#### Data in this exercise ####

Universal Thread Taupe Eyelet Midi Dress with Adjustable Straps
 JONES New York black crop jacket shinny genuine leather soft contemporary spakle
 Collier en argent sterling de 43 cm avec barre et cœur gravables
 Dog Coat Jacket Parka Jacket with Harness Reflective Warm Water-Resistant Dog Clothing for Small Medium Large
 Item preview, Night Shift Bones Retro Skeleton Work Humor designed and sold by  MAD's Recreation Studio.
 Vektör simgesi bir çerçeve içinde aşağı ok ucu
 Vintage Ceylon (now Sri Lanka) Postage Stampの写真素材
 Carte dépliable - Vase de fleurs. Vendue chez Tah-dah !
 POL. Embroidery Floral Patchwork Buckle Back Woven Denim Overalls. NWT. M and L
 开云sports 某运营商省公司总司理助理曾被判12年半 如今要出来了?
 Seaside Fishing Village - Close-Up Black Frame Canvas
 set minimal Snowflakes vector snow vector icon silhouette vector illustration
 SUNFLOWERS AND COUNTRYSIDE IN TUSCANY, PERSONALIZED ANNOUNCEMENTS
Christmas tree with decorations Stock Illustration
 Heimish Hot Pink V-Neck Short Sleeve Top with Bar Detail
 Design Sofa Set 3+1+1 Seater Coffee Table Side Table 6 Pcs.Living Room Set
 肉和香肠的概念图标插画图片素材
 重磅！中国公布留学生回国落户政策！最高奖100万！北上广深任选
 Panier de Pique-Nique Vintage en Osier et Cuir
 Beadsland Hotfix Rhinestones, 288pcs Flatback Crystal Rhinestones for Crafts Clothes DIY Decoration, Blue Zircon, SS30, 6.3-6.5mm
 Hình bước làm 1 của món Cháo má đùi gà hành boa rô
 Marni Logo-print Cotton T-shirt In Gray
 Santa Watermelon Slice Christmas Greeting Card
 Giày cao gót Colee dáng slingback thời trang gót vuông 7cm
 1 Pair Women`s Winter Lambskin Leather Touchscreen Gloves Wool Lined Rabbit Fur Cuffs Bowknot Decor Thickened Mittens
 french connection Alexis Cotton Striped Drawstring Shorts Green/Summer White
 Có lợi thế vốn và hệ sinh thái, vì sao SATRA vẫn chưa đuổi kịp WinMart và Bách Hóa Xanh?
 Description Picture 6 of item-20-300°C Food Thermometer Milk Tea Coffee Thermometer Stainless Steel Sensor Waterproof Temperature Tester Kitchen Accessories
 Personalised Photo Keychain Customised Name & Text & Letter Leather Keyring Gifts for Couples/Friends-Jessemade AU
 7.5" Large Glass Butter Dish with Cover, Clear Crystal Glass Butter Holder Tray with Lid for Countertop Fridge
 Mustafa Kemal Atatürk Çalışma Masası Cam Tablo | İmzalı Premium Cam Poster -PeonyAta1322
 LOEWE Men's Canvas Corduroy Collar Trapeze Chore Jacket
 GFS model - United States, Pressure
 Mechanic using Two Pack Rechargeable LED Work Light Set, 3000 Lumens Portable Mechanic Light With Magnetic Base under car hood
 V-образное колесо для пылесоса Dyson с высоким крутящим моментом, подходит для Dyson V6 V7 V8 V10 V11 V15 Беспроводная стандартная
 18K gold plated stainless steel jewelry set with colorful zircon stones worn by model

####

### Aim of the exercise:
What lines in the material include the string "Vintage"? Pull each one out.

### Output:
 Vintage Ceylon (now Sri Lanka) Postage Stampの写真素材
 Panier de Pique-Nique Vintage en Osier et Cuir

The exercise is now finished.